We just concluded working with our second cohort of teachers at Garnet Valley School District in Pennsylvania. Beginning in September, we kicked off our Learning Design Studio cohort with 25 middle and high school teachers and two GOA learning design coaches, Adam Lavallee from Episcopal Academy and Jennifer Carlson-Pietraszek from Noble and Greenough School.

Adam, Jenny, Associate Director of Professional Learning Sara Tahir, and I traveled to Garnet Valley for an in-person kick-off workshop to meet participants in person. The in-person events at the start and conclusion of the Studio allow GOA to establish important personal connections. After meeting the GOA team and their coaches in person, participants work in an online space that is focused on interaction and sharing rather than content delivery. The online work gives teachers the flexibility to work at their own pace and reflect meaningfully.

There are four learning design studio themes: defining synchronous/asynchronous learning environments, designing for student-led learning environments, collaborative learning, and presenting content. Through the four Learning Design Studio themes, participants design lessons and units during the Studio experience. In each theme, participants:

  • Explore a playlist of resources
  • Reflect and apply new learning
  • Collaborate with their onsite team
  • Delve into a new tech tool

The cohort of 25 educators was divided into four teams, so not only did participants have access to either Adam or Jenny as their coach, but they also had access to their colleagues, who were sounding boards, asked questions, and provided feedback on each other’s work.

We spoke with Dr. Marc Bertrando, Superintendent of the Garnet Valley School District, to ask him how the partnership is going with GOA: “Our partnership with GOA represents an extension of the strategic vision for our professional learning. Their model, which utilizes expert coaches, collaboration, and collegial accountability, fostered a mindset within the cohort where our teachers were willing to take risks, think about their content and teaching differently, and implement new strategies.”
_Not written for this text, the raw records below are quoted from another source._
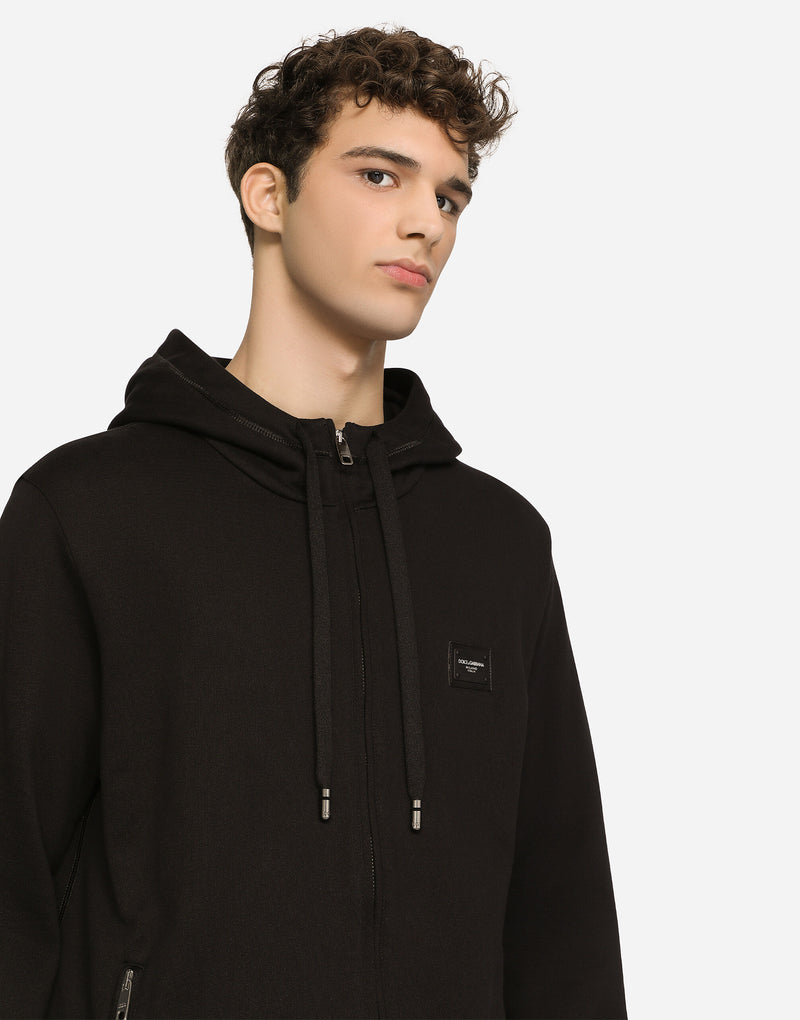 Dolce&Gabbana Jersey zip-up hoodie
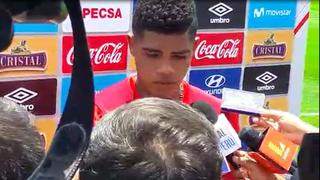 Wilder Cartagena: "Los hinchas no deben emocionarse aún con el Mundial" [VIDEO]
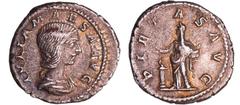 ROMAN COINS Julia Maésa - Denier (218-220, Rome) - La Piété A/ IVLIA MAESA AVGVSTA. Buste diadémé et drapé à droite. R/ PIETAS AVG La Piété debout à gauche, auprès d'un autel paré et allumé, levant la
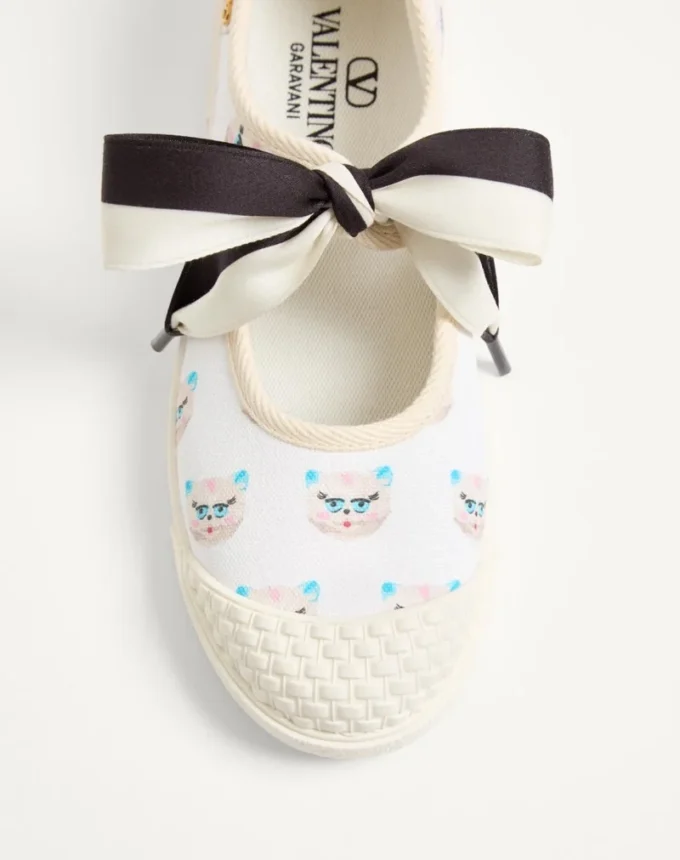 Bay By Bay Ballerina Fabric Sneaker z nadrukiem Le Chat De La Maison Bay By Bay Ballerina Fabric Sneaker z nadrukiem Le Chat De La Maison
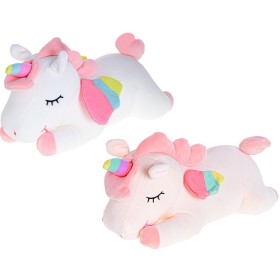 PLYŠ Baby jednorožec 35cm ležící duhový 2 barvy *PLYŠOVÉ HRAČKY*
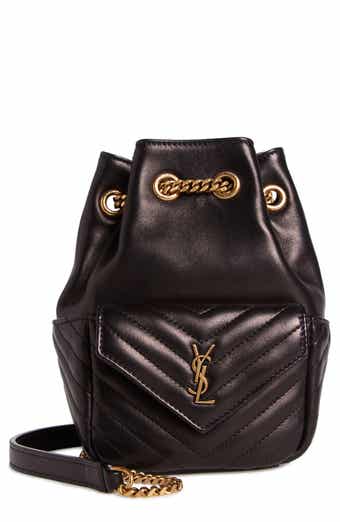 Monogram bucket patent leather handbag Saint Laurent Black in Patent  leather - 28652335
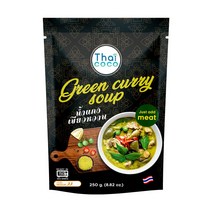 타이코코 태국 그린커리 수프 카레 레토르트 3분 요리 250g, 그린커리수프 250g - 1개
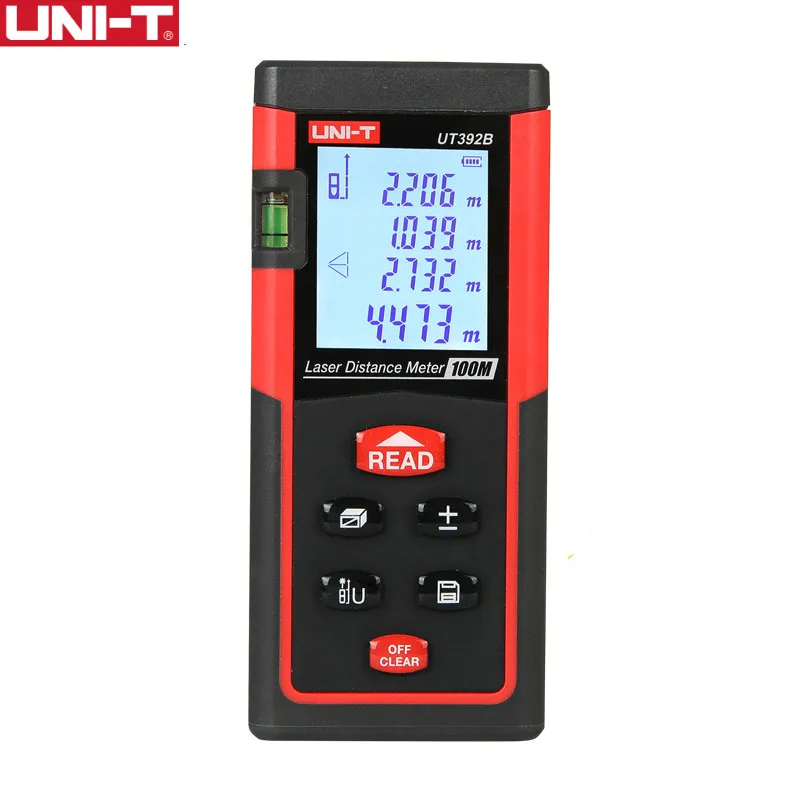 

UNI-T UT392B Laser Distance Meters 100 m Range Area Volume Add Subtract Continuous Measurement Rangefinder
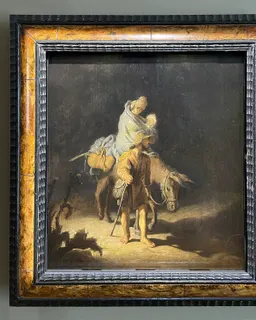 The Flight into Egypt by Rembrandt van Rijn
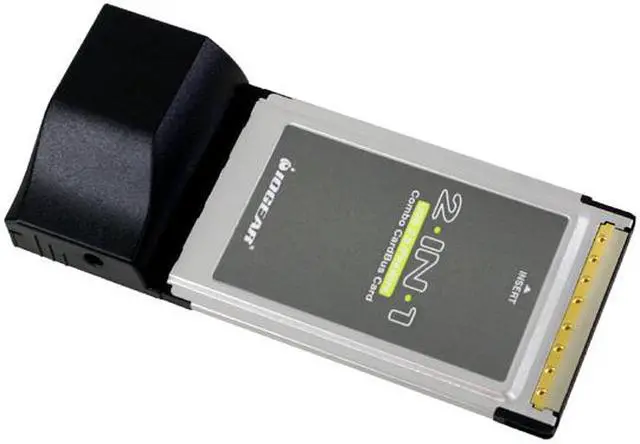 Alt view image 2 of 4 - IOGEAR GUF202 USB 2.0 / FireWire Combo CardBus Card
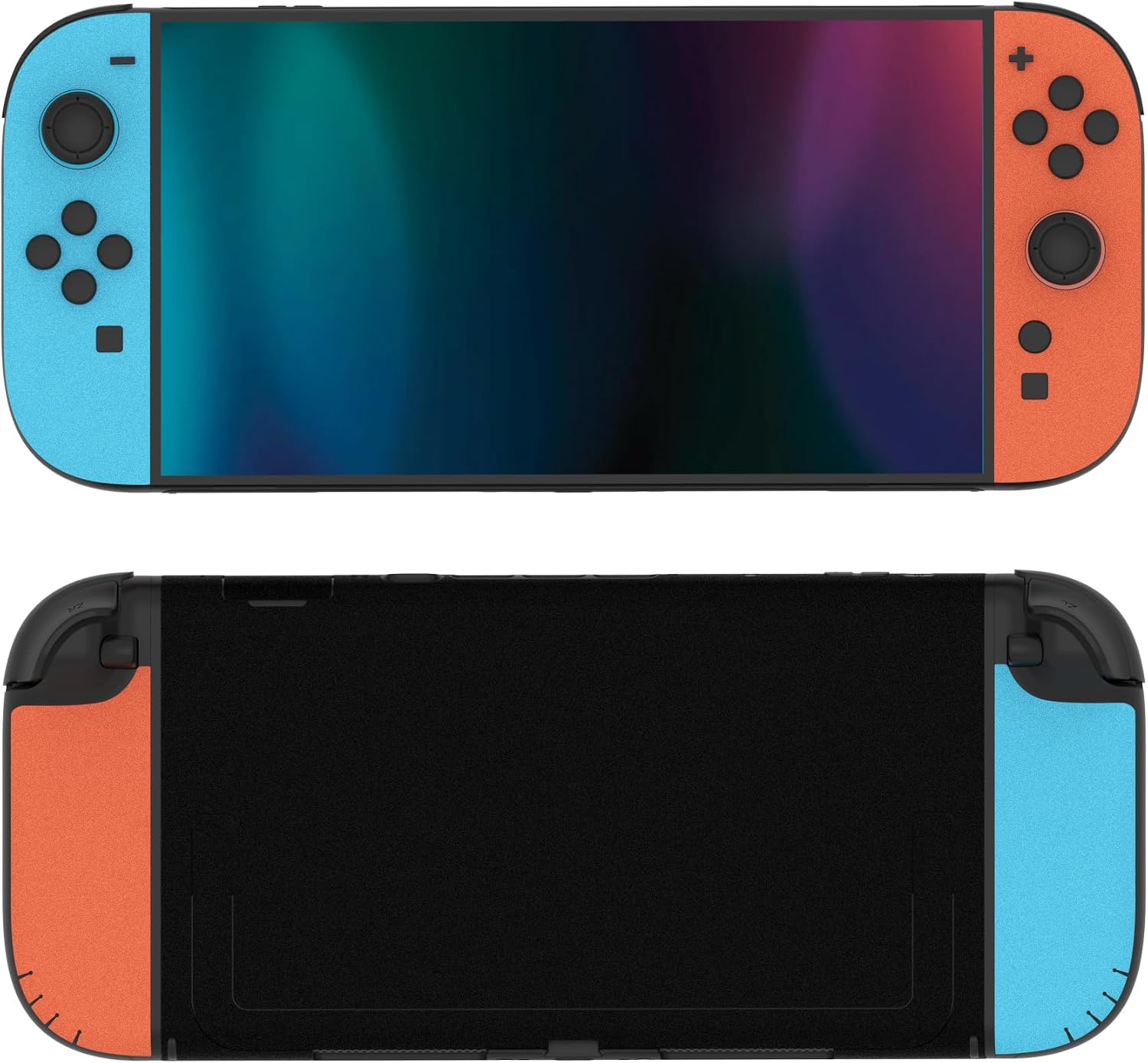 Thumbnail 3 de PlayVital Full Set Protective Skins for Nintendo Switch 2 – Blue & Orange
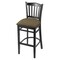 Holland Bar Stool Co 25" Counter Stool, Black Finish, Graph Cork Seat 312025Blk017 - alternate 1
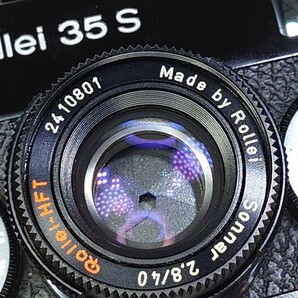 【終活収集品整理】 Rollei 35S 黒 Sonnar 40mm f2.8 HFTコーティング搭載モデル 各動作良好 スローOK 露出計メーターOK 手のひらサイズ の画像8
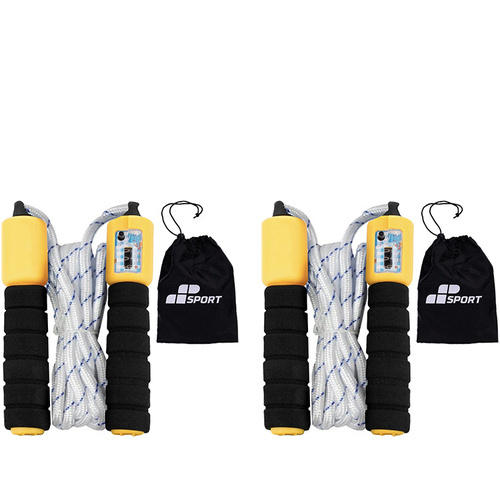 MP SPORT Jump Rope - Sponge Handle with Counter - 2x Skakanka z licznikiem z miękkim uchwytem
In December, each teacher in the cohort presented their work at presentation of learning.

Here’s what we heard and saw:

1) Coaching supports educator growth.

If the goal of professional learning is to shift educators (and it is!), then we believe coaching is a significant part of any professional learning program. GVSD educators said both the coaching and team meetings were a huge value-add. Dr. Bertrando said, “GOA employs a coaching model with curriculum over a 12 week course of learning. For our teachers, the GOA model epitomized exemplary professional learning in that participants brought their own content area and specific professional needs so that their new learning was job embedded, timely, and practically applied. Perhaps the best testimony to the power of the professional learning was that teachers felt that although the focus was on online delivery systems, the learning also dramatically improved their overall teaching regardless of the environment.”

2) Educators want to try new ideas in trusted, safe environments..

Teachers want to try new ideas in a trusting and safe environment. “GOA delivers its professional learning to cohorts of teachers in a manner that generates safety, trust, and support. This environment is then carried by the cohort into their discussions in school as they try new techniques and strategies. In Garnet Valley this collaborative culture is enhanced by the fact that there are now other cohorts of ‘graduates’ who act as supplemental mentors and coaches,” said Dr. Bertrando.

3) Educators recognize the role of students and teachers is shifting.

Teachers report it’s hard to let go of controlling everything in the classroom, but students will be fine and actually flourish if you do so. “GOA has reengaged our teachers to think about their content and instruction through the perspective of the student. Choice, ownership, authenticity, creativity, differentiation, and higher order thinking are just few of the concepts that GOA modeled for our teachers. For Garnet Valley, these concepts are the cornerstone of classroom instruction that meets the individual needs of students, and it is why GOA was the perfect fit us,” said Dr. Bertrando.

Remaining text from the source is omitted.